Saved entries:
---
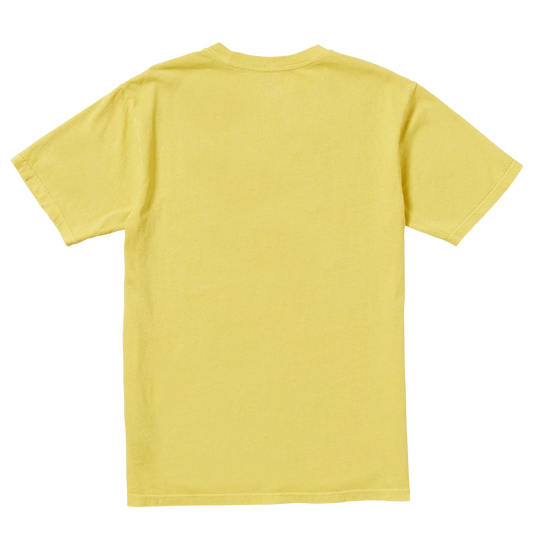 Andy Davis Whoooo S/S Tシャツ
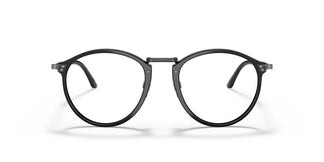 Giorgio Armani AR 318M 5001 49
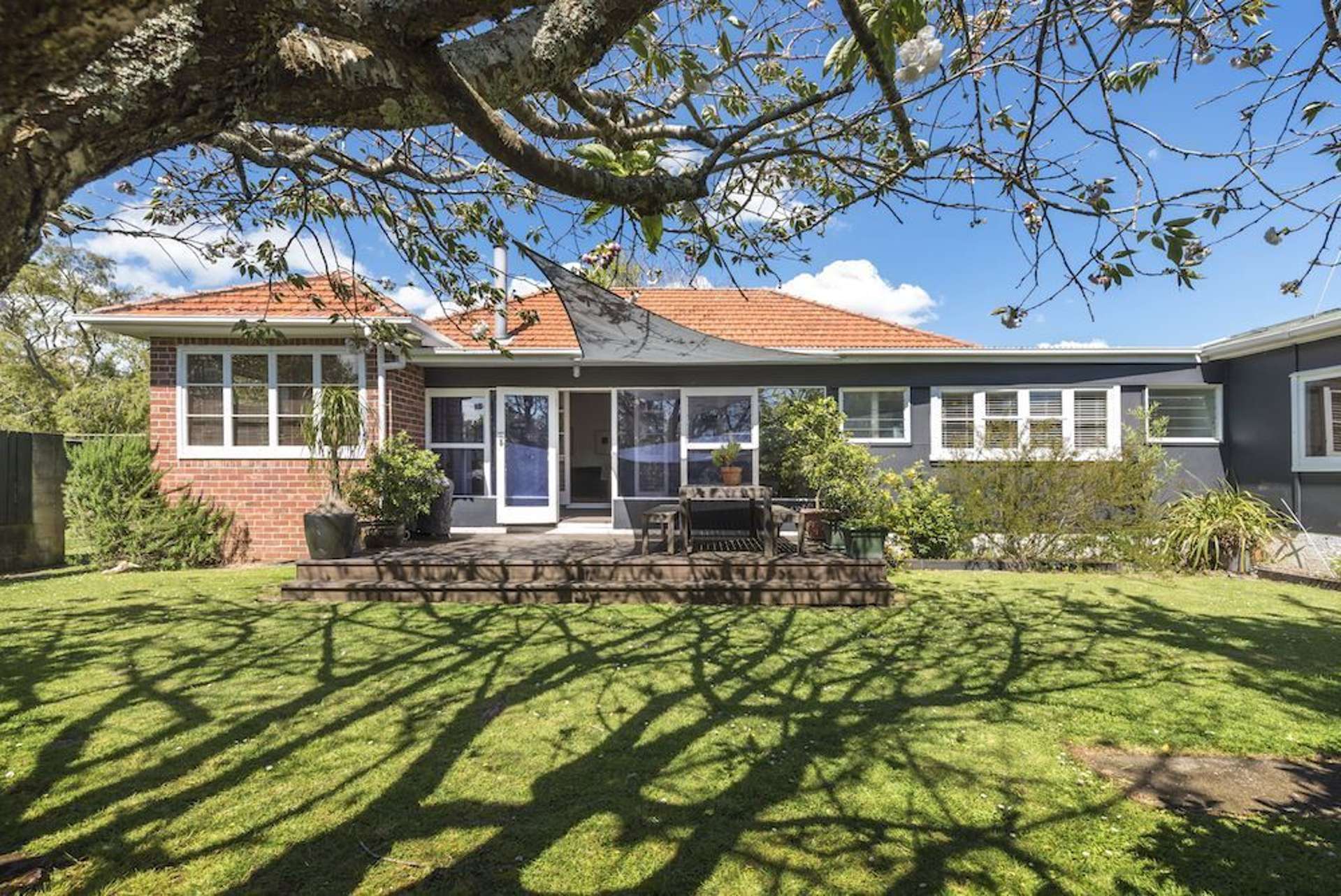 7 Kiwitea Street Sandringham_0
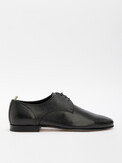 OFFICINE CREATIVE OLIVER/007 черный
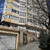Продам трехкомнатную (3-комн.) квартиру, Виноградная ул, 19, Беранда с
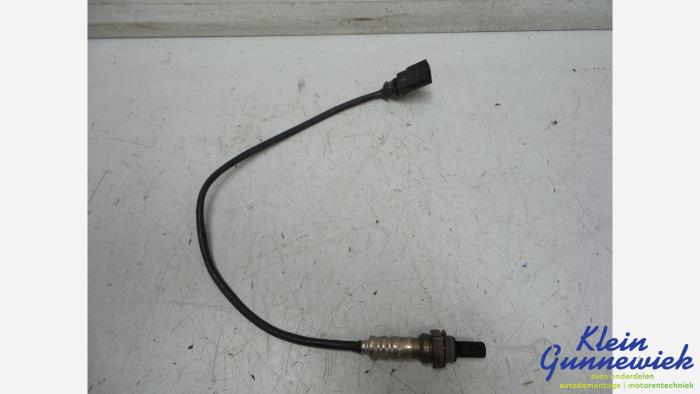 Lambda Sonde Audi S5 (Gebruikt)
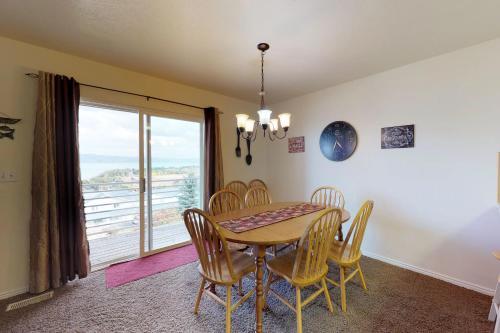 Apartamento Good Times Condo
---
→ **TRY IT**
Reproduce the span beginning at the line with "7 Kiwitea Street Sandringham_0" and ending at the last line of the entries above, inclusive, exactly as it stands. Exclude the pictures.

→ **PROBLEM SOLUTION**
 7 Kiwitea Street Sandringham_0
 OFFICINE CREATIVE OLIVER/007 черный
Продам трехкомнатную (3-комн.) квартиру, Виноградная ул, 19, Беранда с
 Lambda Sonde Audi S5 (Gebruikt)
 Apartamento Good Times Condo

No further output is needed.